Yüksek sesle canavarla dalga geçercesine yanına çağırıyordu. Clarke ilk kez Lexa'yı dinleyerek mağaranın içine girdi ve Lexa'nın bir planı olduğunu umdu. Gözlerinden yaşlar firar ediyordu. Oturduğu yerde kitlenmiş gibiydi.

Vadinin sonuna doğru ilerleyen ve zor hareket eden Lexa'yı izledi. Neden Pauna'yı kılıçla öldürmüyordu ki bu kadar zahmete katlanması nedendi?

Clarke, izlemeye devam ederken aklından tek bir şey geçirdi, "hayır Lexa lütfen ordan atlama!" Mağaradan çıktı ve ağacın arkasına saklanırken neredeyse vadinin sonuna doğru ilerlemiş olan Pauna ile Lexa'ya baktı.

"Hayır," diye sayıkladı kendine kendine, "hayır!"

Lexa Clarke'tan tarafa bakarak gülümsedi ve planının işe yarayacağını umarak vadinin sonundaki kimsenin atlayınca sağ çıkamayacağı bir uçuruma doğru atladı, Panua da onun arkasından atlayınca canavarın bağırış sesleri artıyordu.

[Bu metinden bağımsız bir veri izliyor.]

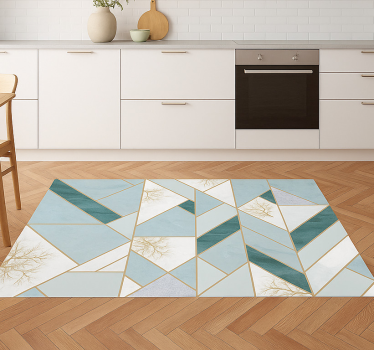 Aqua geometric pattern marble rug - TenStickers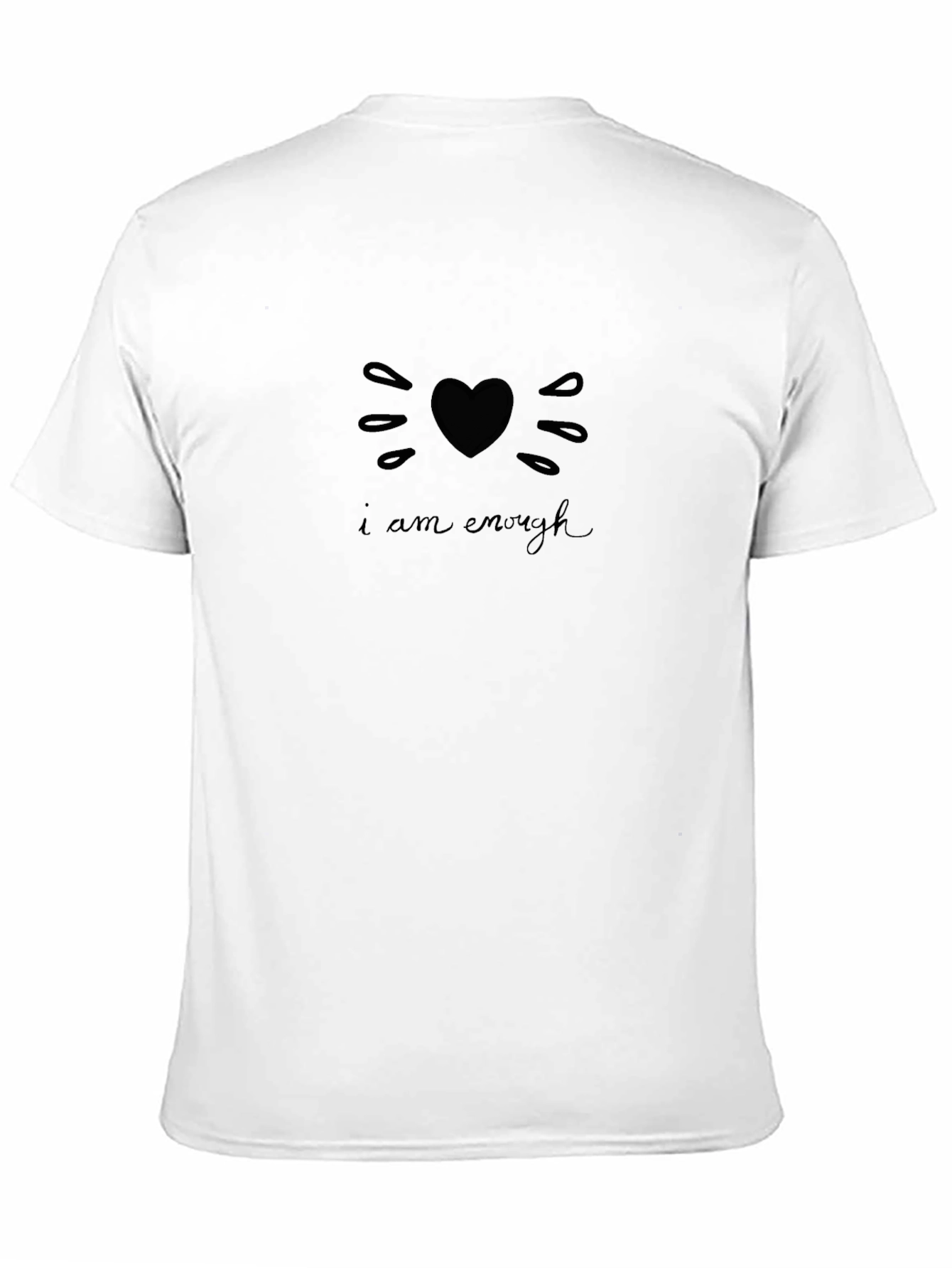 I Am Enough Heart Graphic Tee - Black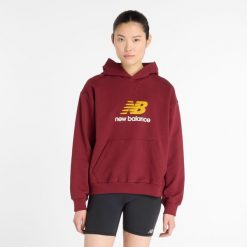 Bluza damska New Balance WT51501MHB – bordowa. Czerwone bluzy damskie New Balance, xl, bez wzorów, z bawełny, bez kaptura. Za 429.99 zł.
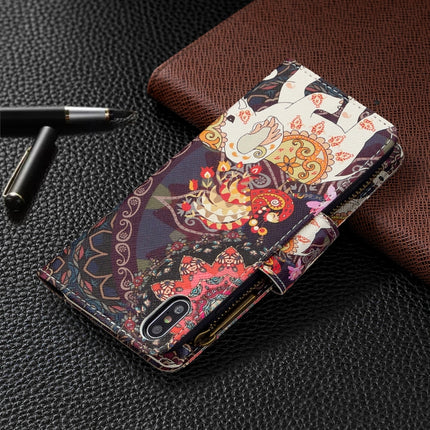 For iPhone XS Max Colored Drawing Pattern Zipper Horizontal Flip Leather Case with Holder & Card Slots & Wallet(Flower Elephants)-garmade.com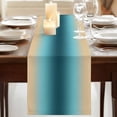 thumbnail image 3 of Table Runners 60 Inches Long Dress Scarves, Turquoise Yellow Ombre Farmhouse Kitchen/Dining Table Runner, Small Coffee Tablerunners, Farmhouse Modern Gradient Art 13x60 Inch, 3 of 9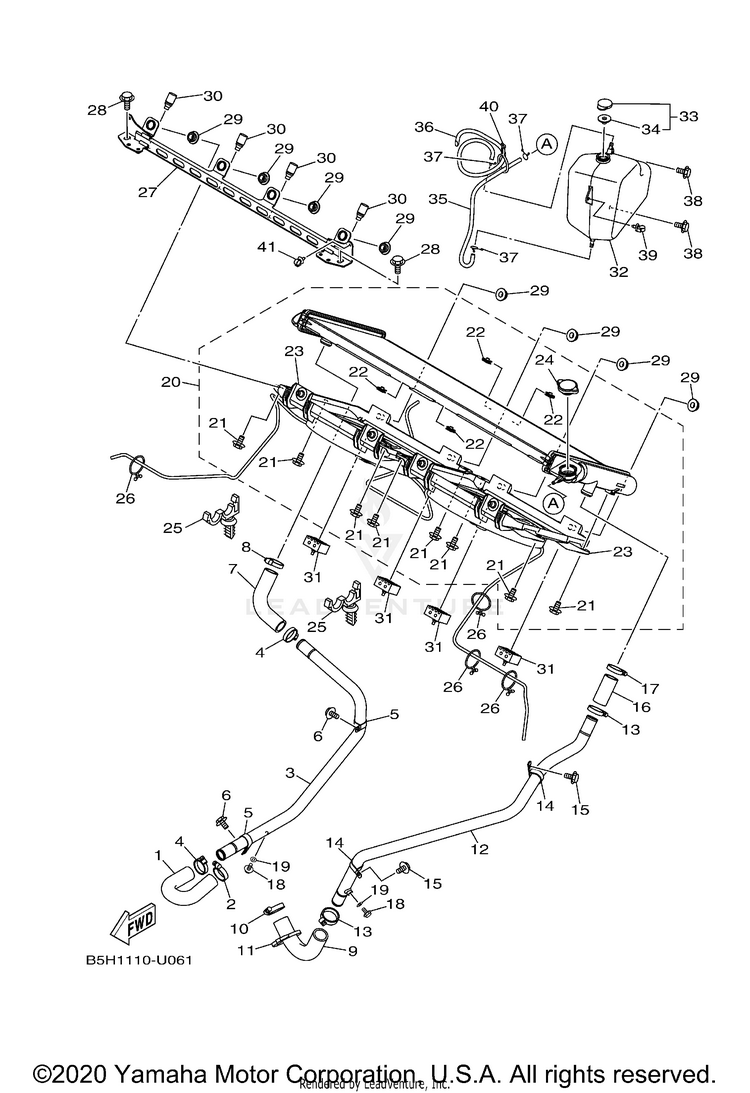 Radiator Hose YXZ1000R SS SE CAL - YXZ10YCCMW - 2021 Schematic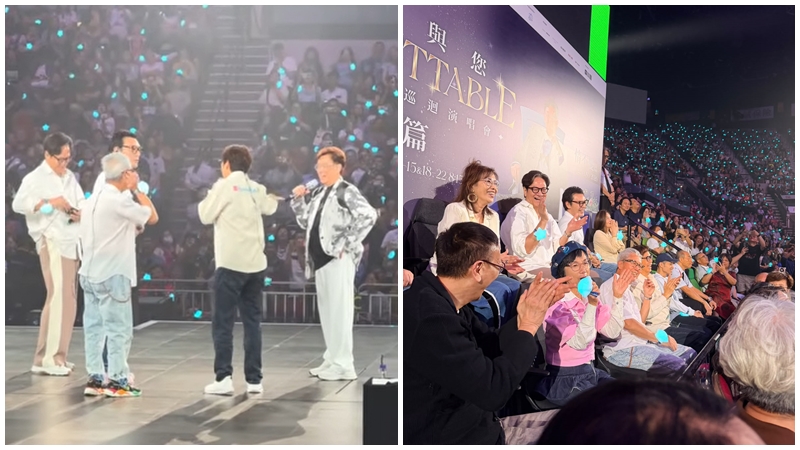 譚詠麟演唱會丨溫拿五虎合體爆笑表演「揄褲」 唱《玩下啦》追悼故友黎彼得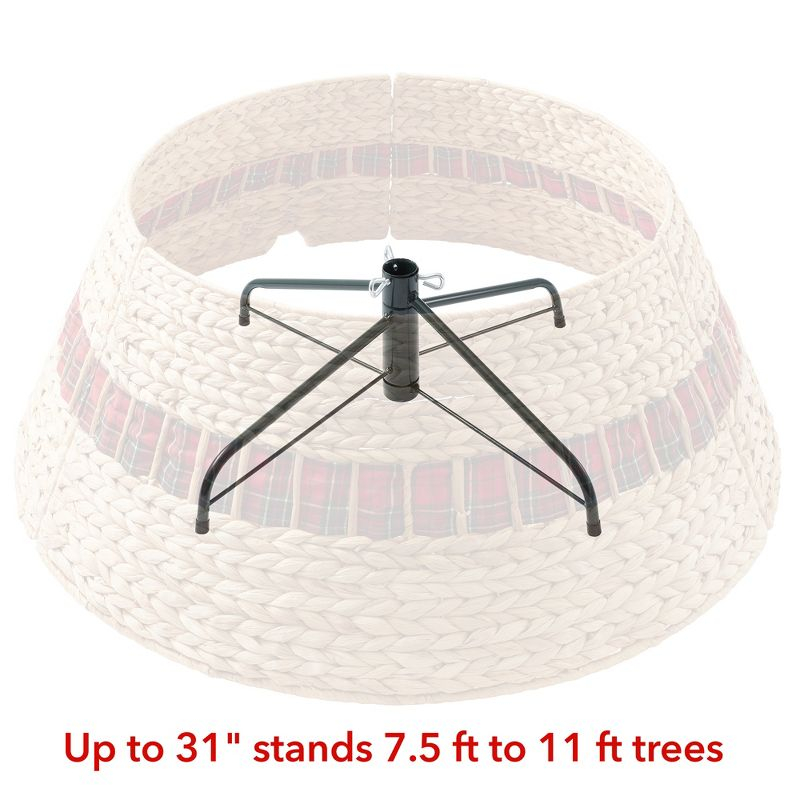 Casafield 32-Inch Water Hyacinth Christmas Tree Collar, Woven Farmhouse Tree Base Cover with Cord Cut Out, Natural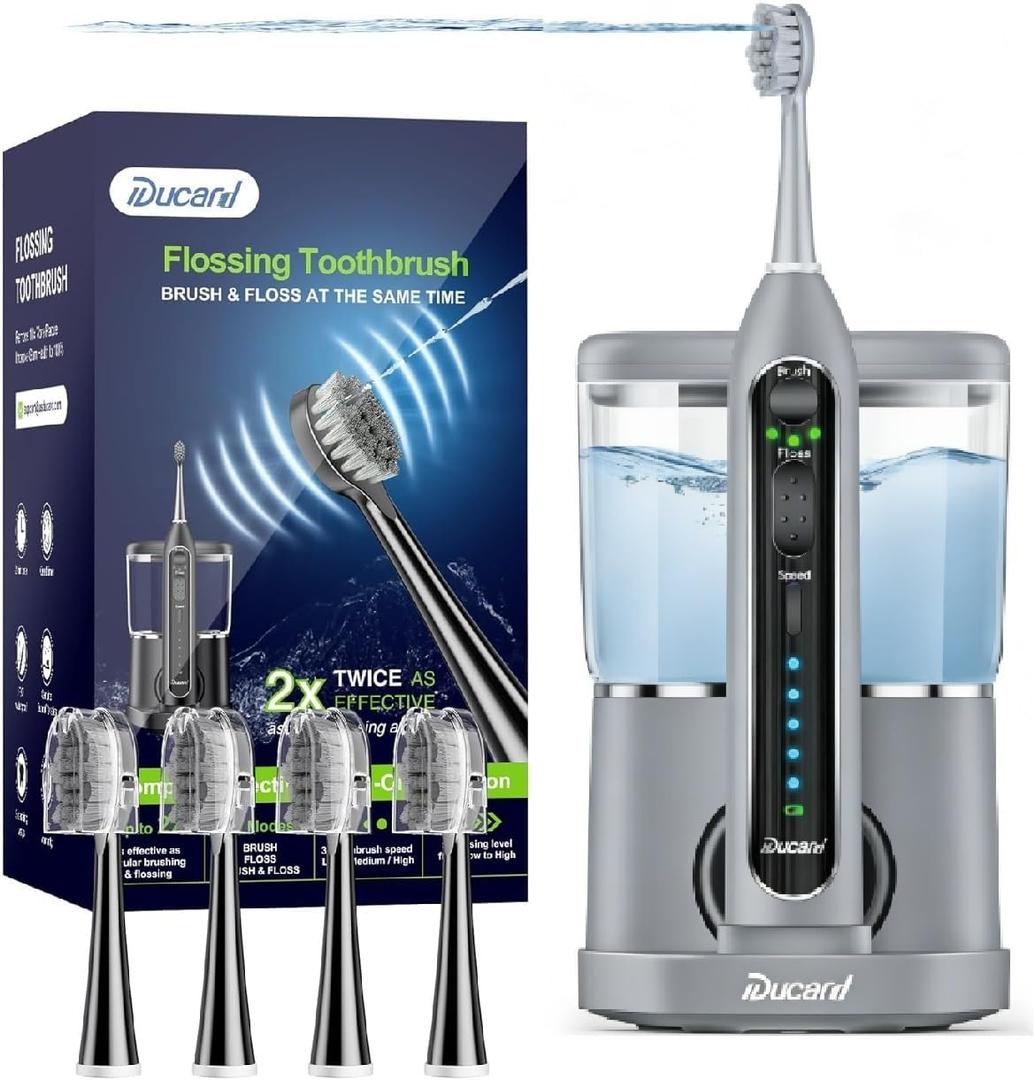 Electric Toothbrush with Water Flosser,Professional Flossing Toothbrush Combo for Teeth Cleaning Plaque Removal with 4 Replacement Heads, 3 Brush Modes & 5 Floss Speeds,Gray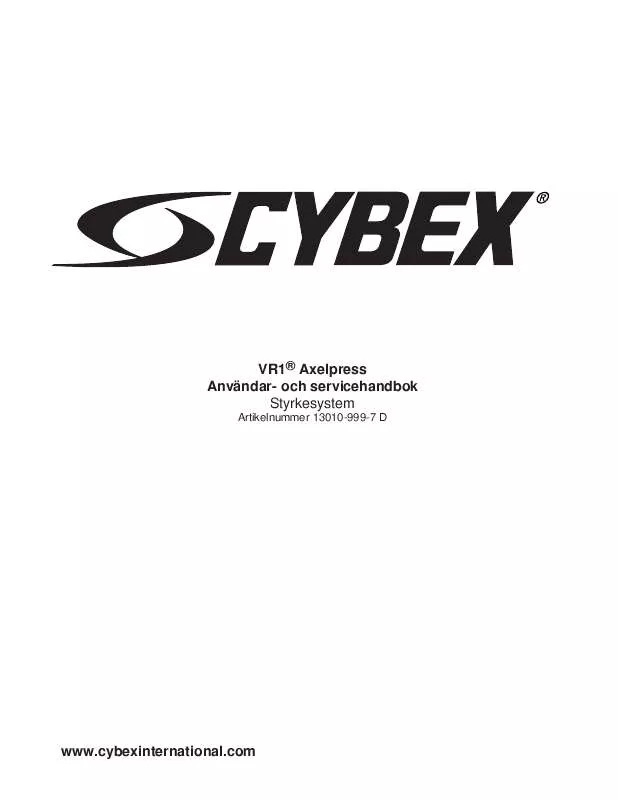 Mode d'emploi CYBEX INTERNATIONAL 13010 OVERHEAD PRESS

Uçurumdan aşağısı ormanlık ve ağaçların az bulunduğu bir yere uzanıyordu.

Clarke'ın aklında canlanan son görüntü ise Lexa'nın o uçurumdan atlaması ve Pauna'nın da onu takip etmesiydi...

Evettt size güzel bir haberim vaar! Yeni bir kitap yazmaya başladım ve yakında yeni bölüm paylaşıcam ama konusu Lexa ve Clarke değilde Elyza ve Alica'yla ilgili olucak Fear the walking dead'la ilgili olucak. Şu anda yazıyorum yakında yeni bölüm gelir:)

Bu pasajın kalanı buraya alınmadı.